Berlin. Die EU erlaubt, Abgasgrenzwerte anzupassen – ein Zeichen, dass Umweltschutz aktuell zu weit geht? Das wollte „Maischberger“ wissen.

Die Deutsche Umwelthilfe hat deutschen Großstädten durch Gerichtsprozesse zur Einhaltung von Abgas-Grenzwerten gezwungen, die EU erlaubt aber die Grenzwerte zu lockern. Nimmt sich die Umwelthilfe also zu wichtig oder haben Auto-Fans noch immer den größten Einfluss? Das war die heiß diskutierte Frage bei „Maischberger“ im Ersten.

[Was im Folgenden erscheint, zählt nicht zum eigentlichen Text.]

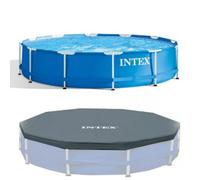 Intex Metal Frame Pool And A Pool Cover - 10Ft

Die ersten 20 Minuten von „Maischberger“ könnten auch den Titel tragen: Umwelthilfe gleich Spielverderberin. Als „Abmahnverein“, bezeichnete „Welt“-Chefredakteur Ulf Poschardt die Organisation, die gerade eine Stadt nach der anderen wegen zu hoher Stickoxidwerte verklagt. Eine „Sentimentalisierung“ in Sachen Umweltverschmutzung nehme sie vor.

„Maischberger“ – das waren die Gäste:

  • „Welt-Chefredakteur“ Ulf Poschardt
  • Barbara Metz von der Deutschen Umwelthilfe
  • Wolfgang Kubicki (stellvertretender Parteivorsitzender der FDP)
  • Franz Alt (Autor und Journalist, früherer Moderator der ARD Politsendung „Report“)
  • Mai Thi Nguyen-Kim (ARD-Wissenschaftsjournalistin)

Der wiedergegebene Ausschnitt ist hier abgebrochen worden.